* **EXERCISE GOAL**
Only the lines in the entries below from the line with "Close-up of Lady" to the line with "Event-Image for 'Ida", both included, belong in the answer, transcribed exactly and without pictures.
#### GIVEN RECORDS
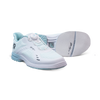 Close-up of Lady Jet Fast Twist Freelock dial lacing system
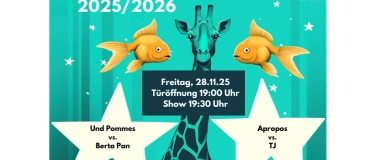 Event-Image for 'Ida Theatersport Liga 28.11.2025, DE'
########
#### GIVEN RECORDS
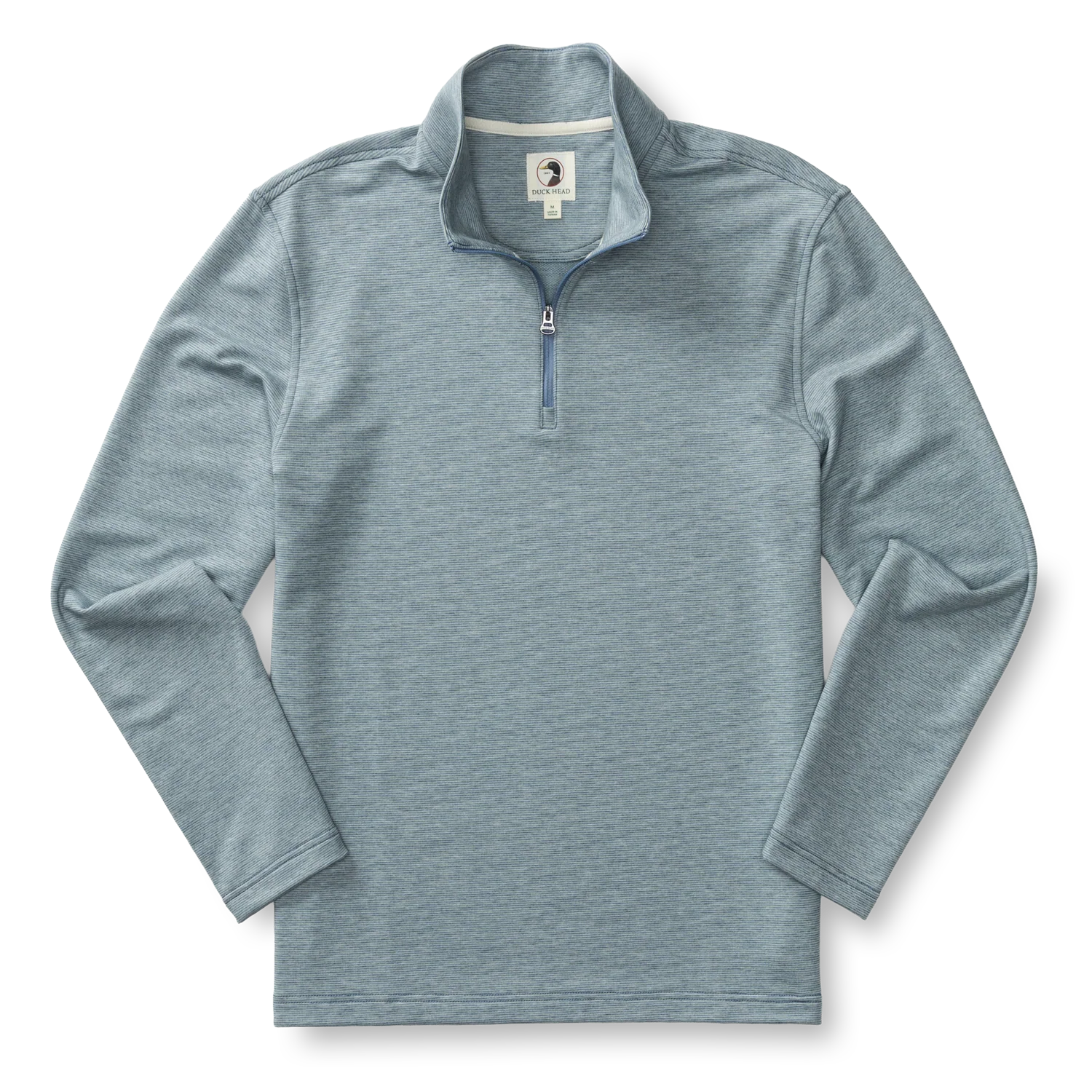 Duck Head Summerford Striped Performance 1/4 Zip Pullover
########
* **ANSWER SPACE**
 Close-up of Lady Jet Fast Twist Freelock dial lacing system
 Event-Image for 'Ida Theatersport Liga 28.11.2025, DE'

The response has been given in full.